No, it didn't have to be! She didn't want to believe it. Mother couldn't be dying. Not after everything that she had done for them all.

"How do you know? How could she be dying?"

Aaron glanced at her briefly, then turned back to his task of sketching something. Why was he always sketching? What was he doing, anyway? He had never told her. "Just think about it, Diane.. Think about how sick she was been lately. How tired. How dead." The volume of his voice quieted down a bit and he looked away. He didn't see how her face went pale. He was silent for a long, long time before finally continuing:

"She is like a shell, lifeless and empty.. can't you see it? She's not with us anymore!" He was screaming now; he had never screamed to anyone before. She was too concertrated on staring at him in shock to notice how the others started to gather around the doorway of their room, listening. "She is going away! She's not gonna be there for any longer, I can feel it!
We're loosing her.."

His voice shattered, dying out. He collapsed down on his side from the sitting position he had been in, expression of intense inner pain spreading over his face. Tears ran down the white cheeks. He was crying.

"We're loosing her.."

And they all knew that he was right. And felt his pain.

Now only thing they could do was to wait.

~*~*~*~

At some point, it seemed like Mother was actually getting better. Her skin became smooth again, her grey eyes got their gentle light back, her long straw-blond hair started to shine with health. She had strength to smile, to laugh again. Her horn was strong and proud, mightier than ever before.

But when someone touched her, one noticed that her skin was cold as ice. As death.

~*~*~*~

Then, Mother died.

She was telling them a good night-story, holding the smallest and weakest of them, Little Harry, in her lap, rocking his lithe figure back and forth in her lap. Aaron was the only one who wasn't smiling when looking at her, wasn't delighted to notice her well being. This confused the girl with whom he shared his room. She knew Aaron, knew that he cared. So why wasn't
he happy?

She found out the right answer soon. Too soon.

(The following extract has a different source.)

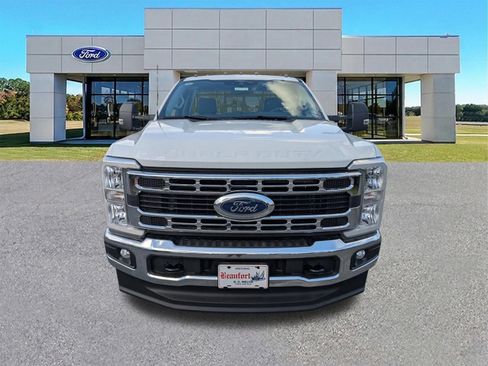 New 2025 Ford F350 XL w/ XL Chrome Package AWD/4WD image 9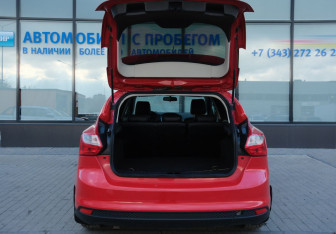 Подержанный автомобиль Ford Focus Hatchback 2012 года (18 фото)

Mother had just spoken out the two words that ended everything, words of ultimate overness, when a wave of pain ran over her face, twisting her pretty features into something ugly and disgusting. She gasped for breath, coughing blood, her grey eyes staring into nowhere, empty. Little Harry started to cry, crawling away from her. Mother was keeling over, arms wrapped tightly around her narrow shape, crying out without whimpering or shedding tears.

Then she collapsed on the floor, dead.

Her horn had shattered, to thousand similiar pieces that soon disappeared into nowhere, as if it had never been there.

None of them could understand what had just happened. Even Aaron, who had obviously expected this to happen, was shocked. His lips were parted in a silent shout of anguish. There were no screams.

Then the full realization hit all of them. Along with something else.

Along with the screeching voices, with maddened urges, with soul-deep hatred that would poison everything around it if it was let loose. Along with the fact that there had never been Nature's Bell, any Mother, any peace and serenity. /Anything./

~*~*~*~

Because there was only Diane. She was Aaron, she was Little Harry, she was Mother, she was Nature's bell. She was everything.

Along with her vivid imagination that had attempted to bring something comfort into her madness-stricken mind, to help her to live with the fact that she was no longer in the control of herself. Failing.

Because there would never be any peace. Not for the one who had been totally lost in herself for twenty years. And that was the only thing that was true in her world.